--- START ---
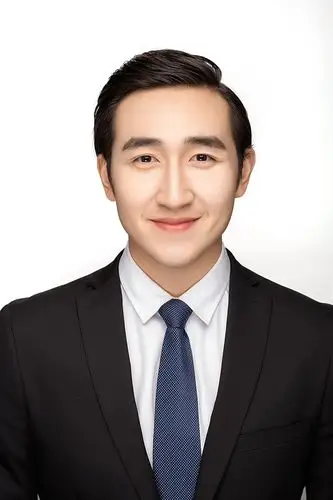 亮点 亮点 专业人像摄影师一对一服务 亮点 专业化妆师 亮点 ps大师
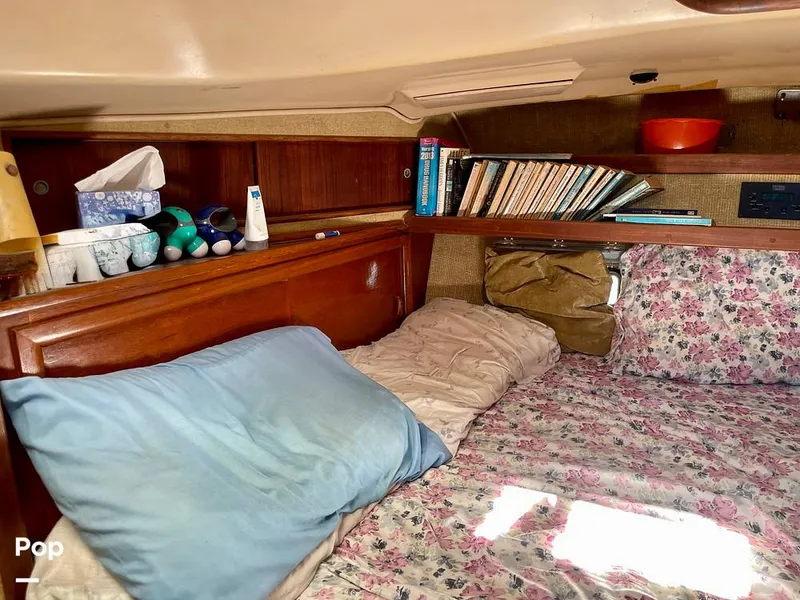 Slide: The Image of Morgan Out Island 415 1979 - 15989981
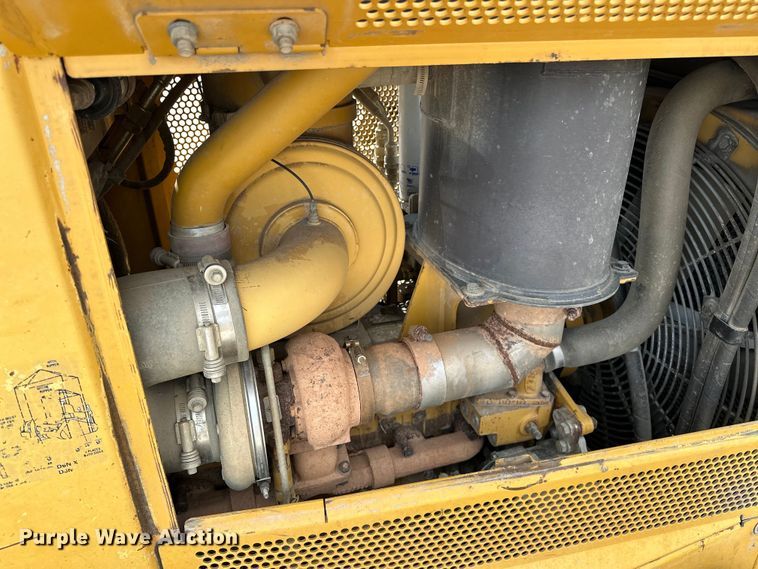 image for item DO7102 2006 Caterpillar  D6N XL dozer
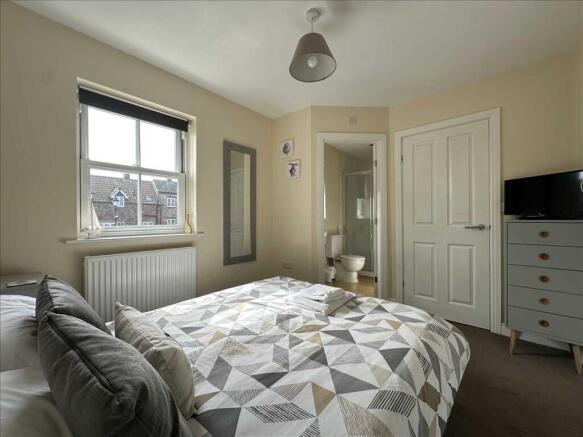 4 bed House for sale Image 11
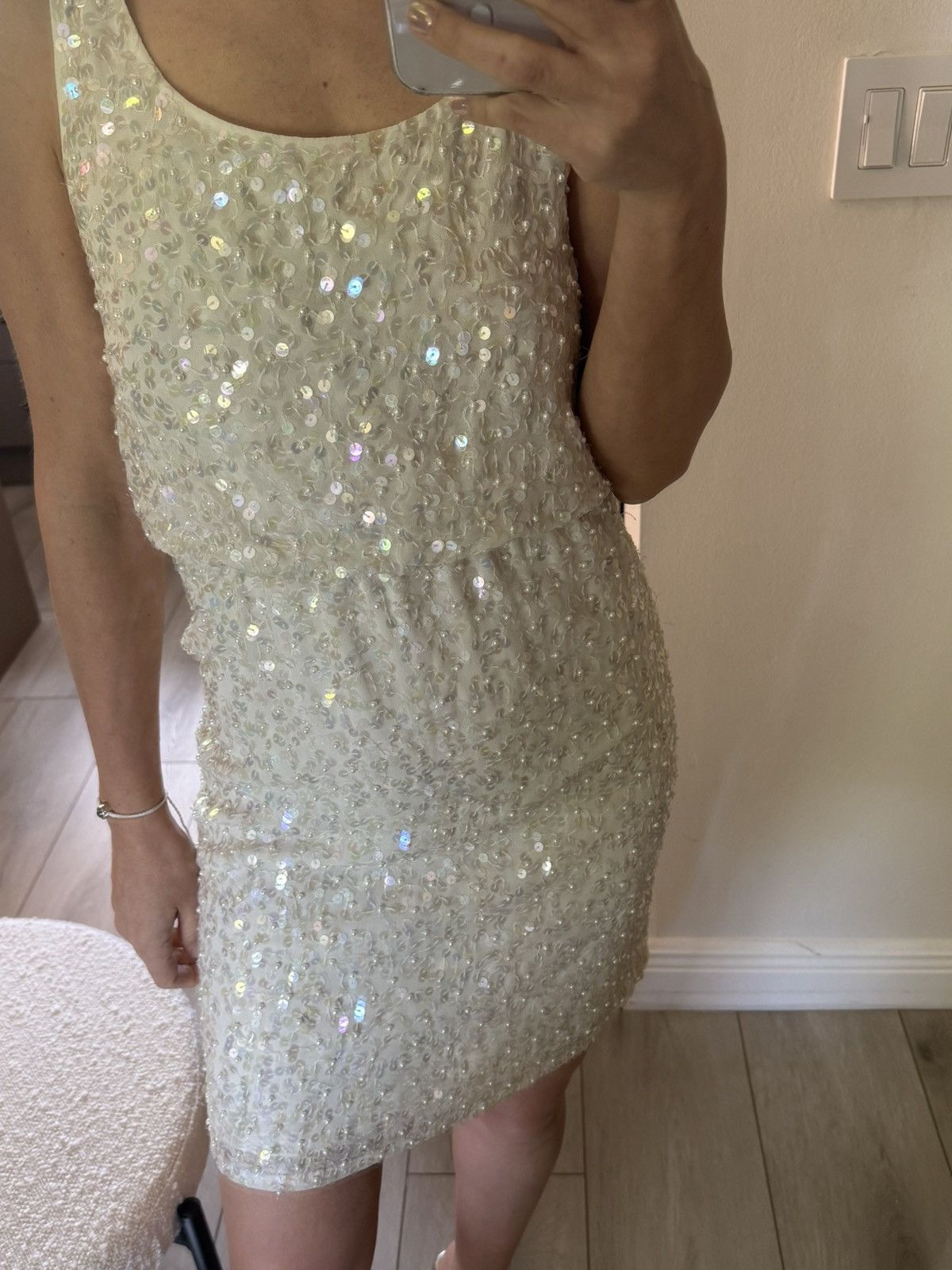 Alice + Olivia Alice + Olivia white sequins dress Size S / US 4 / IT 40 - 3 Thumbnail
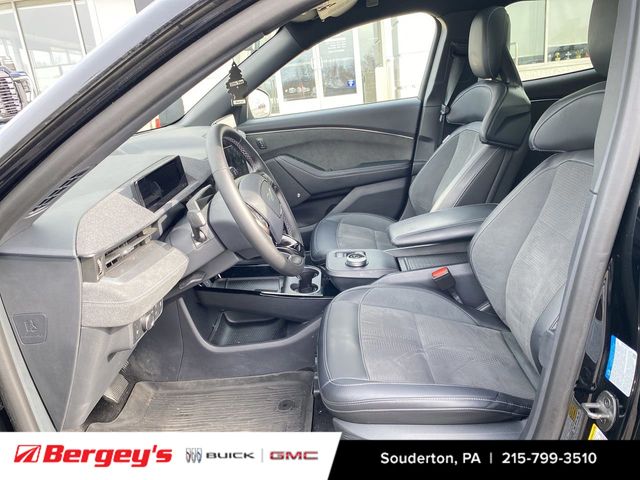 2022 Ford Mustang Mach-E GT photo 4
--- END ---
» **TASK DESCRIPTION**
Leave the pictures out, then output exactly the lines from the "Slide: The Image" line through the end of the records above, and no others.

» **REPLY TO THE TASK**
 Slide: The Image of Morgan Out Island 415 1979 - 15989981
 image for item DO7102 2006 Caterpillar  D6N XL dozer
 4 bed House for sale Image 11
 Alice + Olivia Alice + Olivia white sequins dress Size S / US 4 / IT 40 - 3 Thumbnail
 2022 Ford Mustang Mach-E GT photo 4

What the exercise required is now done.